The stimulus package introduced in 2009 included, quite appropriately, a strategy for a return to surplus as the economy recovered. Unfortunately, after committing to an optimistic timetable, former Treasurer Wayne Swan treated the return to surplus as an end in itself, not a tool of macroeconomic management. This effectively conceded the ground in the macroeconomic debate to Abbott and the opponents of Keynesian stimulus.

To win the election Rudd needs to move beyond attacks on the specifics of Abbott’s policies (or the lack thereof). He must explain why the Keynesian and social democratic policies he espoused and implemented in his first term as PM are the right way forward for Australia, and why the Howard government policies of consistent surpluses, regardless of economic conditions, represent a recipe for disaster next time there is an economic crisis.

53 thoughts on “Reading the economic theories of Rudd and Abbott

  1. Prof, do you think Rudd can explain how Treasury could chronically overestimate Costello’s surpluses and underestimate Swan’s deficits? (rather than C being prudent and S shifty). Without that, no point in embarking on Macro 101.

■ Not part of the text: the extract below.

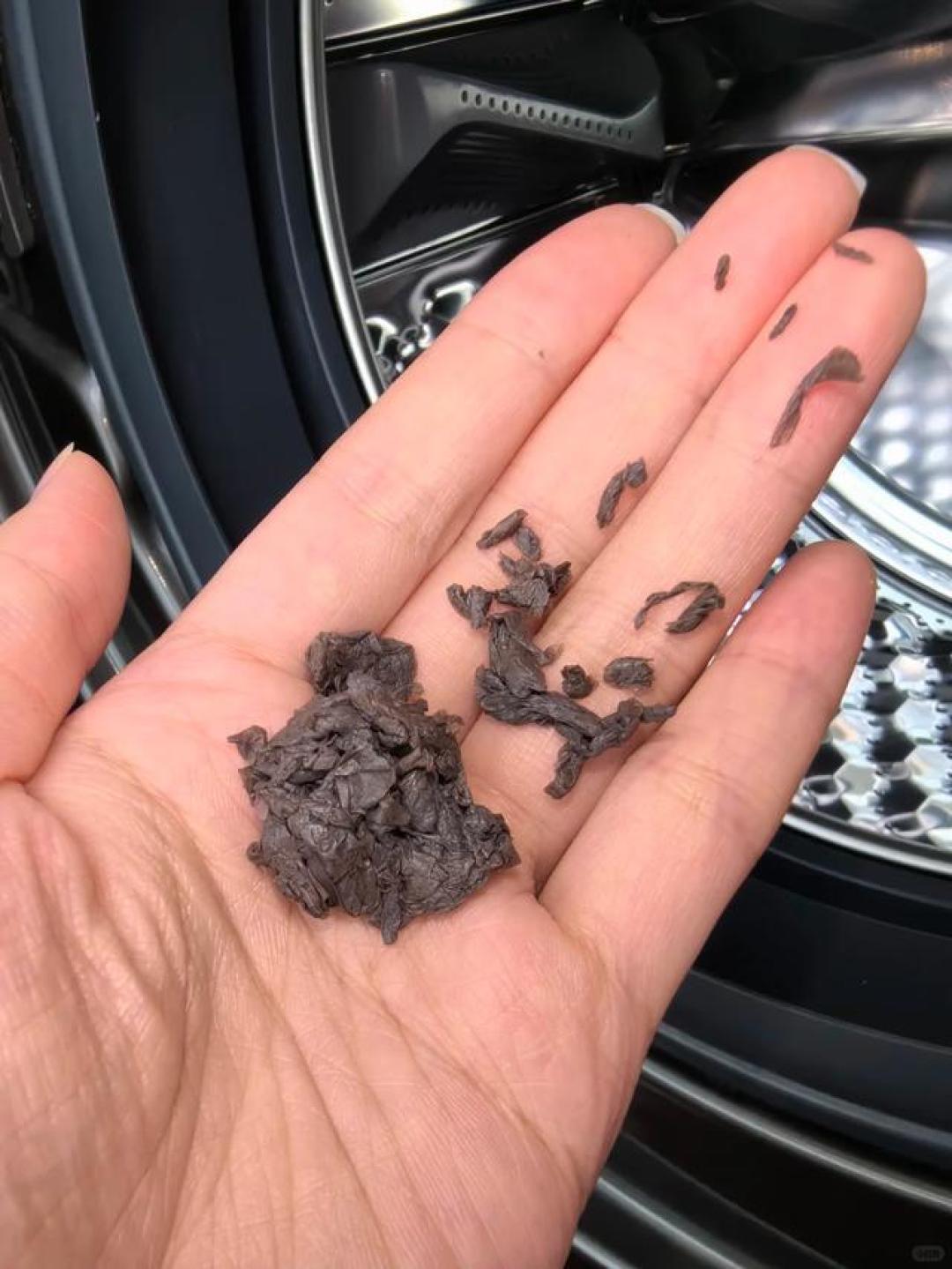 全家衣物一机洗,为何越洗越脏还伤肤?这三大坑你早该知道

  2. JQ: ¨On present indications, it will take a decade, and quite possibly more to repair the damage done by austerity policies.¨
    Is there any non-fairyland scenario in which the Eurozone or UK economies can ever do better than convergence with the previous long-term growth trend? That´s what you would need to undo the damage of austerity. Otherwise the misery of the Great Depression and the Great Recession remain as uncompensated blots on the history of humanity. (That´s without counting the Nazis as collateral damage.) It´s more likely you never catch up, as per deLong/Summers hysteresis: there´s a new, lower growth path.

  3. I am definitely not up to date with the latest literature on economic convergence, but it is fairly obvious to me that one would expect an S-shaped economic growth curve. At low levels of development there is high marginal productivity of capital and is very easy to raise the standards of living. In developed countries, a unique economic shock leads to a reduction in the productivity of the labour force due to (if you’re a neolib, a large chunk of the population choose to take an extended holiday; if you are rational, there are structural issues among them a decreased safety net for all aspects of employment and training) and a concurrent brain drain as the most educated fraction of the population chases economic opportunities elsewhere. Convergence is not an immutable law and must not be assumed.